While Unwired's network is currently based on a proprietary standard from Navini, the carrier has long said its technology could be upgraded to WiMAX, which Spence estimates could deliver speeds of up to 2Mbps. Current Unwired plans are limited to 1Mbps.
"We are expecting to obtain [cards] which can be upgraded to operate within a WiMAX environment in the early part of next year," said the company's chief technology officer Eric Hamilton.
Hamilton added that work to make Unwired's network compatible with any WiMAX device would be completed around a year's time.
"Our timings for that at this stage are towards the end of 2006 or early 2007," he said.
Spence said Unwired expected to upgrade its base stations to a 'dual-mode' configuration that could support both the Navini and WiMAX standards simultaneously in 2007 -- around the same time the first laptops with in-built WiMAX connectivity are expected to hit the streets.

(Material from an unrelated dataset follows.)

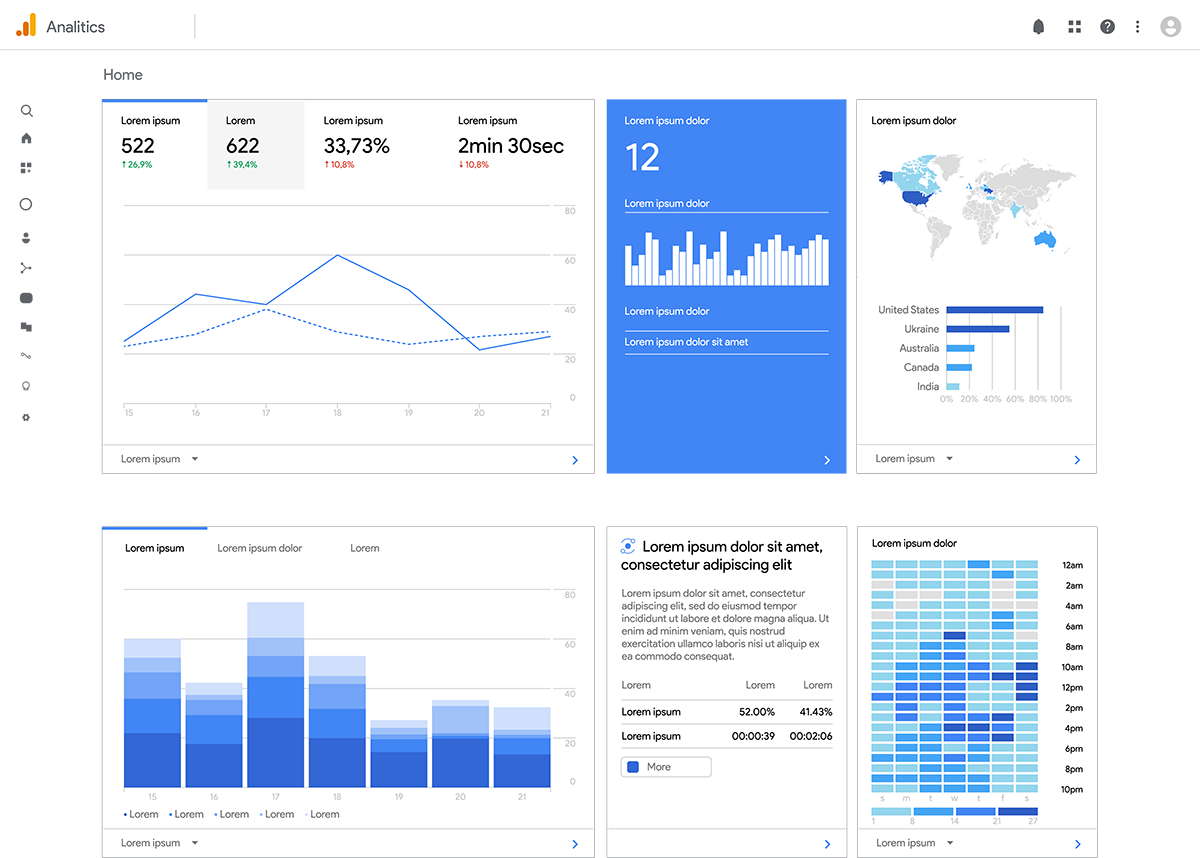 google analytic metric report graphic | Musimack Marketing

"We'll be able to support both sorts of customers with the same tower," he said.
Unwired's chief said the PCMCIA card launch would be a "a little bit more business-focused" than that of the desktop modem, which is sold through retail outlets like Harvey Norman.
The launch comes after Vodafone and Optus started selling similar laptop cards that allow customers to utilise their joint third-generation (3G) mobile phone network for Internet access at speeds of up to 375kbps. That network is for the time being confined to Sydney and Melbourne, with some additional Optus-only infrastructure in Canberra.

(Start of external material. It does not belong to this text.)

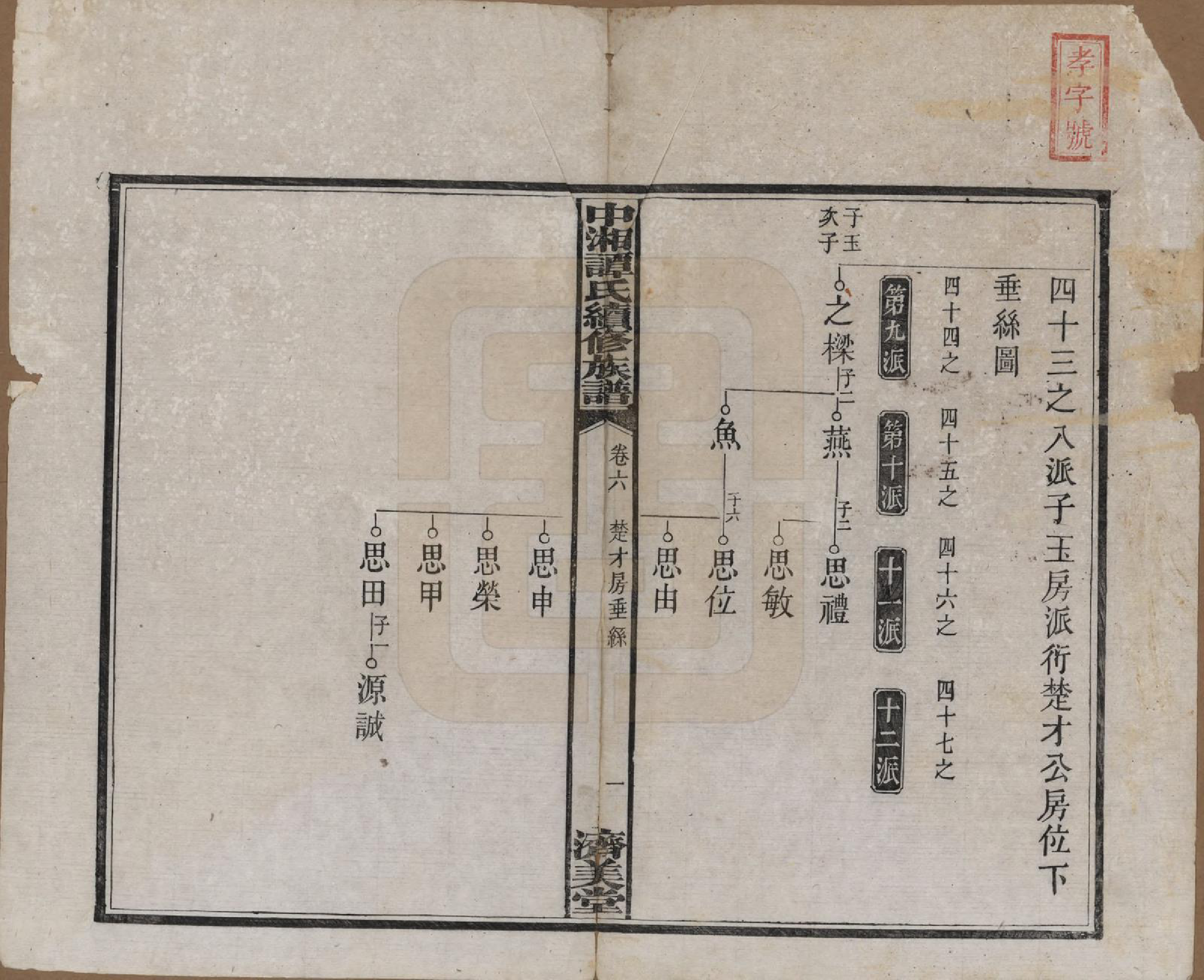 GTJP1379.谭.湖南湘潭.中湘谭氏续族谱七卷.民国十三年（1924）_006.pdf_第2页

Rival operators Telstra and Hutchison have both had similar 3G solutions for some time.
Spence welcomed last week's ratification of the mobile WiMAX standard.
"We're very pleased that the standard's been agreed to, and this is the start of the roll towards when WiMAX is a global standard, and devices around the world can all move from one country to another and work, as well as within Australia," he said.
"It means for us that we can be confident that where we're going is in the right direction, and the technology we're deploying as a path towards the standard, so when the chips come out from Intel and get put into laptops and other devices, they will work on our network."
"We've been telling our shareholders that we expected [the standard] to be ratified by the end of 2005, and we're pretty relieved it has been," said Spence.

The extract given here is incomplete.